According to the report’s findings, the Jewish public is aware of the deterioration that has occurred in Israel’s international status, which seems to stem from the intensification of voices calling to boycott Israel and its institutions.
The report highlights the clear majority (71 percent) of the Jewish public, which agrees with the assertion that: “The countries of the world make moral demands of Israel that they do not make of other countries that are in situations of conflict.”
This sentiment represents the broader consensus in feeling that “the whole world is against us.” Similarly, a large majority (69 percent) of Israeli Jews characterize Israel’s relations with the countries of the world as not good, the study found.
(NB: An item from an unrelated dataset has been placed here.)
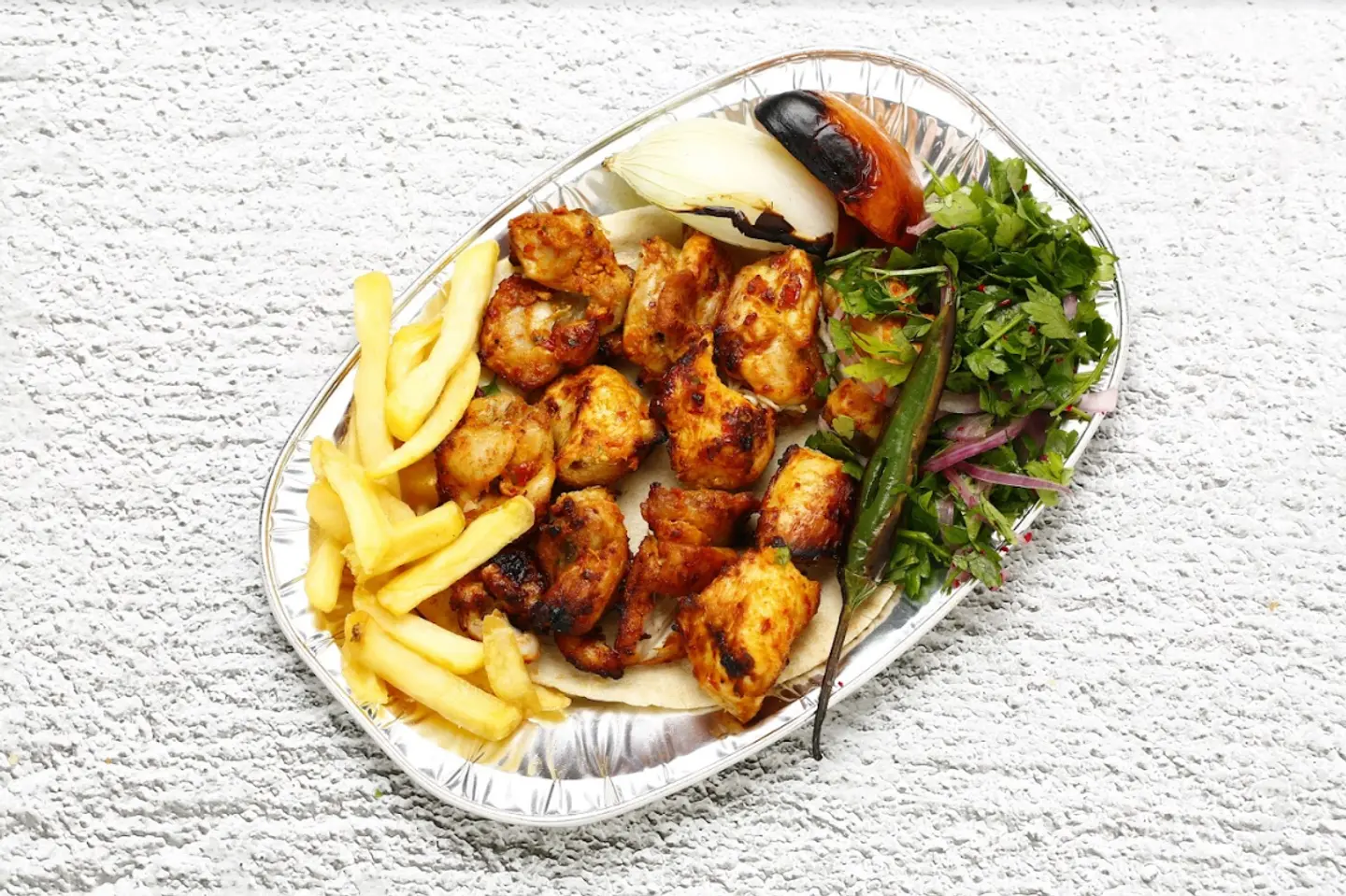 شيش طاووق - نص كيلو 8 اسياخ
According to the survey, 79 percent of Israeli Jews said that they would not take part in a consumer boycott of the Jewish settlements in the West Bank, as opposed to 59 percent of Arabs, who said that if a consumer boycott of settlement products were to be organized, they would not buy such products.
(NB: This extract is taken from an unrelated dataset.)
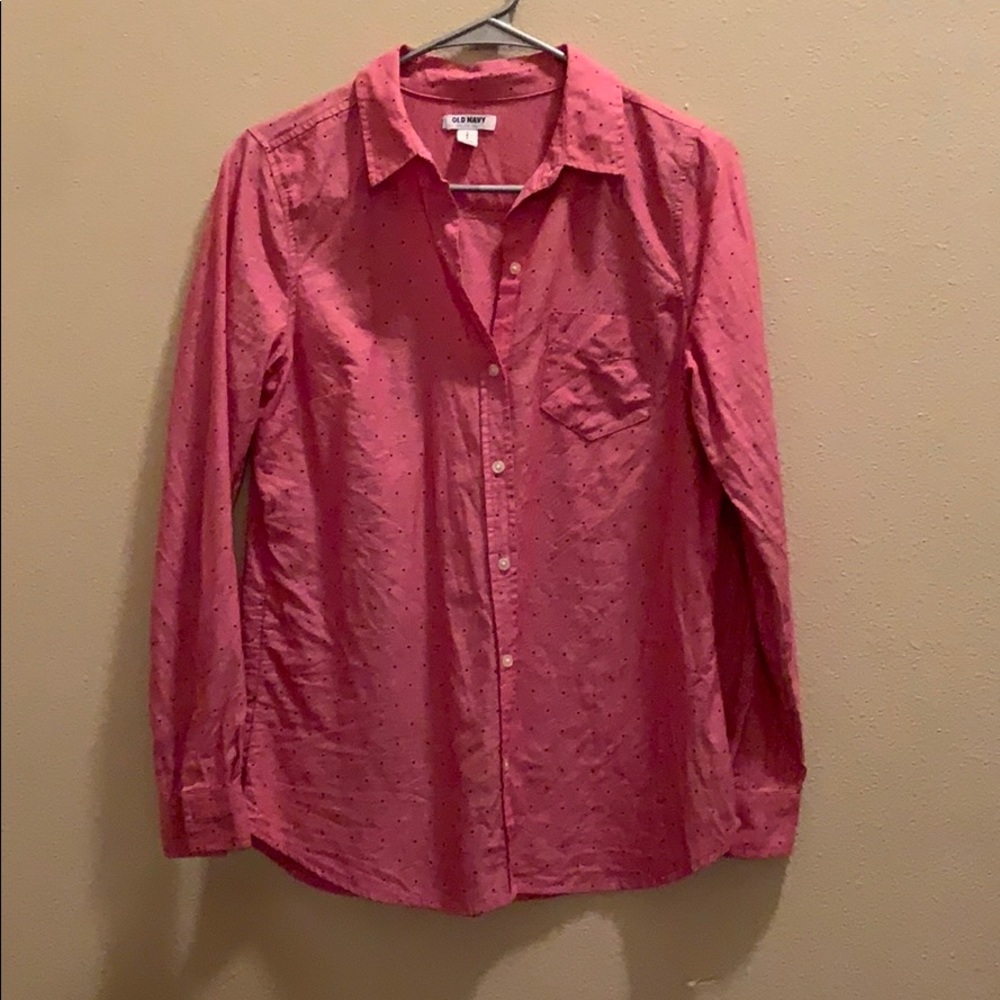 Button down blouse. Old Navy.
Meanwhile, the report states that 75 percent of Jewish respondents indicated a lack of desire to live in the settlements in the territories, even if they could receive improved housing at a low price. 48 percent of Jewish Israelis stated that they have not visited any homes in the West Bank during the last five years.
When asked about the potential to reach an agreement under current circumstances, 53 percent of respondents indicated that they do not think Prime Minister Benjamin Netanyahu is prepared to consider an agreement that would entail giving up settlements that are outside the settlement blocs, despite the assertions he made when meeting with the foreign finister of the European Union that he supports negotiations about the borders of the settlement blocs.
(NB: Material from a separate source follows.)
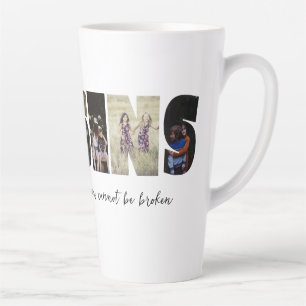 Collage photo Cousins Latte Mug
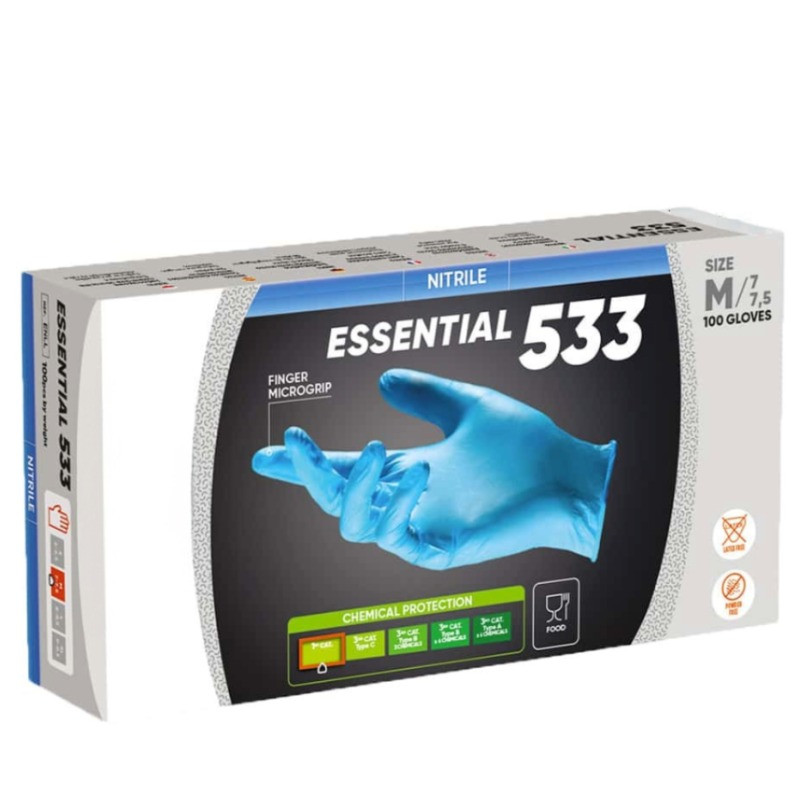 Offre Gants de travail en nitrile jetable pas cher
Regarding the distribution of responsibilities in Israel’s Foreign Ministry, where Netanyahu kept the portfolio of foreign minister for himself but distributed some of the responsibilities of the job among many other ministers, 62 percent of the Jewish respondents believe the division will not improve Israel’s ability to manage its diplomatic affairs, according to the report.
According to the survey over half of the Jewish public (52 percent) currently supports separating Jewish and Palestinian passengers on buses in the territories, in line with the experiment announced by Defense Minister Moshe Ya’alon, as opposed to 42 percent who oppose it.
Another finding suggested disaffection with the government: 62 percent of the Jewish public is not satisfied with the distribution of cabinet posts in the new government.